A large buyer of both listed and over-the-counter short-dated Volkswagen options pushed implied volatility on the name up 5% from 25% to 30% in two days--a spike that had traders calling for an investigation by U.K. regulators. The reason for the uptick in vol could not be determined, but traders said it seemed to be connected to reports late in the week Kirk Kerkorian is preparing to take a stake in the firm, and also large stock buying. There was no suggestion Kerkorian is behind the trades and the activity also did not seem to be linked to an announcement from VW Friday morning it is considering the sale or stock disposal of two subsidiaries.
"It looks like someone knows something the rest of us can only guess at," said one trader. The buying frenzy was probably exacerbated, he noted, by other players jumping on the bandwagon without stopping to ask why the stock price and implied volatility--normally uncorrelated--were both rising. On Wednesday, according to a Citigroup report, there was a buyer of about 25,000 Oct. listed calls, worth about EUR3 million in premium and representing 2.5 million shares. Traders said the volume traded in the listed market was dwarfed by the OTC activity. Similarly, in the cash market, volume of stock traded reached 20 million for Wednesday and Thursday, compared to an average of 2.5 million over the last year.
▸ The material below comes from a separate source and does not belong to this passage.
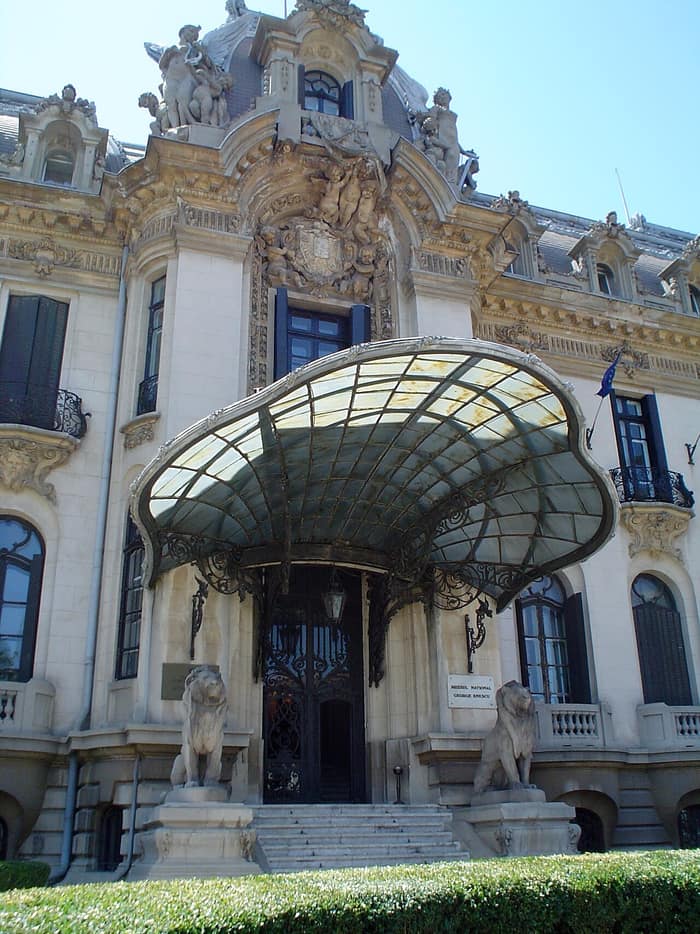 Cantacuzino Palace, monument view 1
Traders and strategists were puzzling over the rationale for buying up the upside calls, but discounted a corporate hedge because it was unlikely VW or another firm preparing a bid or disposal would have required this volume of option buying. VW treasury officials did not return calls by press time. "EUR3 million is a lot of premium to spend, and it's very strange that so much went through so quickly," said a City trader. "I would like to see an investigation," he added, noting because most market makers are now short options this call will likely be taken up.
One hedge fund manager, however, said he thinks insider trading is rife in equity markets, but very hard to prove. Even though the situation looks fishy, he said, the Financial Services Authority will be hard pushed to do anything about it.David Cliff, spokesman for the FSA, declined comment on the specifics of the case, but noted the regulator monitors U.K. markets daily for any untoward activity that may constitute abuse. A lawyer explained under the European Market Abuse Directive, the FSA can impose unlimited fines for insider trading, and it can also start criminal prosecutions against individuals and firms. The FSA would still have jurisdiction in the case, even though VW is a German firm, because the trading took place in London, he added.